--- Assignment ---
Write out every entry below exactly as it appears. Pictures do not belong in the copy.

--- Data for this exercise ---
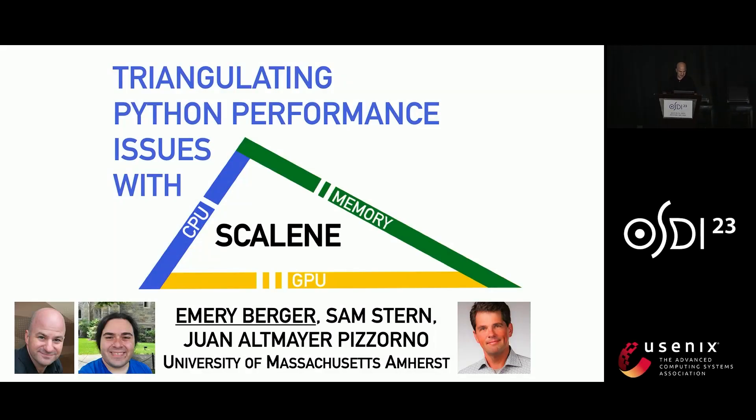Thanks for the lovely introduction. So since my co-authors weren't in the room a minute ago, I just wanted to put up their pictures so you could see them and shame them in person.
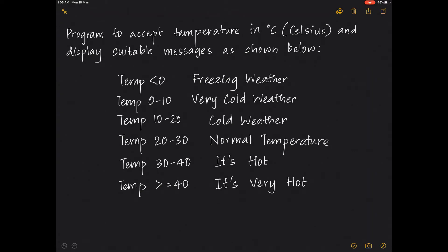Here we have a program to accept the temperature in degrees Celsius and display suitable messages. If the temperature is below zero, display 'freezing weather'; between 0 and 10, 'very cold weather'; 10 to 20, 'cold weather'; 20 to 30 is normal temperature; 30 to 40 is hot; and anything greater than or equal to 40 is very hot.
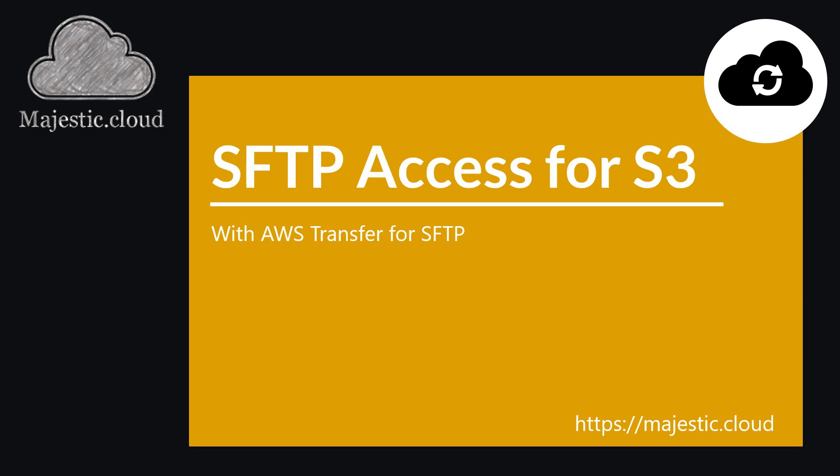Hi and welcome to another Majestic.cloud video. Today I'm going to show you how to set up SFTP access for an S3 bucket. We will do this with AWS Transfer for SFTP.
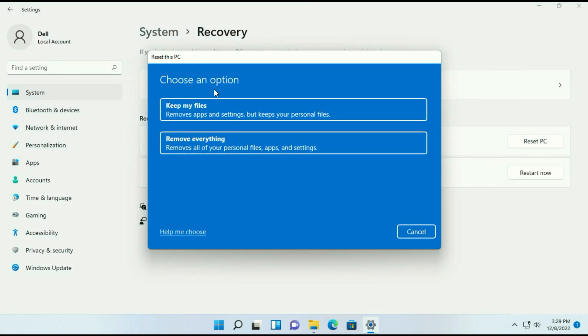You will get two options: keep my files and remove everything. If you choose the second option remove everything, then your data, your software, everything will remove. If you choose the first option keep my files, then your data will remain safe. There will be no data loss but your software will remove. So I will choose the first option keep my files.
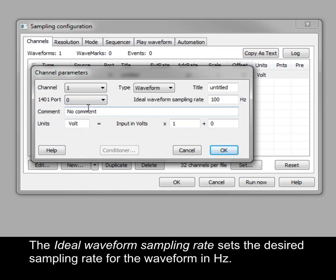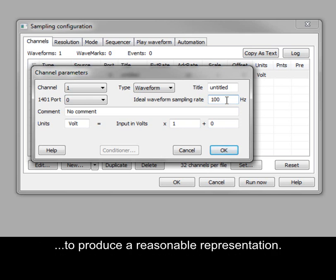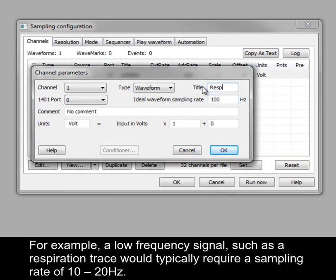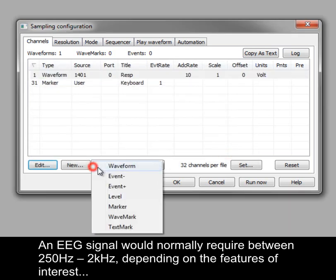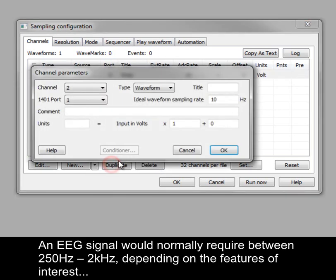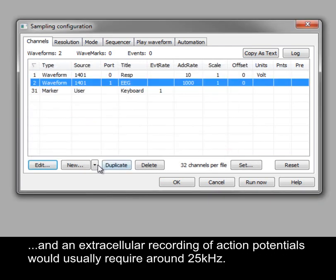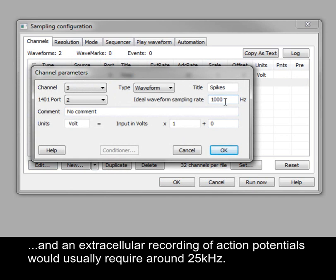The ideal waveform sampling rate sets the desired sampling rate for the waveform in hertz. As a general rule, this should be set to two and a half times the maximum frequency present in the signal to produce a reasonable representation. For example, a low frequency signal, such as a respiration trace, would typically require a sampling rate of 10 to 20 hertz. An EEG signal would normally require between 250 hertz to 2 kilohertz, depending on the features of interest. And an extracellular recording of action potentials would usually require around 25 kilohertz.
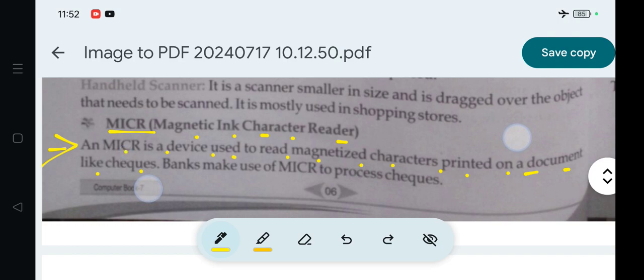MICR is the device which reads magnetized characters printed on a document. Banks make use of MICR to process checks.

--- Response ---
Thanks for the lovely introduction. So since my co-authors weren't in the room a minute ago, I just wanted to put up their pictures so you could see them and shame them in person.
Here we have a program to accept the temperature in degrees Celsius and display suitable messages. If the temperature is below zero, display 'freezing weather'; between 0 and 10, 'very cold weather'; 10 to 20, 'cold weather'; 20 to 30 is normal temperature; 30 to 40 is hot; and anything greater than or equal to 40 is very hot.
Hi and welcome to another Majestic.cloud video. Today I'm going to show you how to set up SFTP access for an S3 bucket. We will do this with AWS Transfer for SFTP.
You will get two options: keep my files and remove everything. If you choose the second option remove everything, then your data, your software, everything will remove. If you choose the first option keep my files, then your data will remain safe. There will be no data loss but your software will remove. So I will choose the first option keep my files.
The ideal waveform sampling rate sets the desired sampling rate for the waveform in hertz. As a general rule, this should be set to two and a half times the maximum frequency present in the signal to produce a reasonable representation. For example, a low frequency signal, such as a respiration trace, would typically require a sampling rate of 10 to 20 hertz. An EEG signal would normally require between 250 hertz to 2 kilohertz, depending on the features of interest. And an extracellular recording of action potentials would usually require around 25 kilohertz.
MICR is the device which reads magnetized characters printed on a document. Banks make use of MICR to process checks.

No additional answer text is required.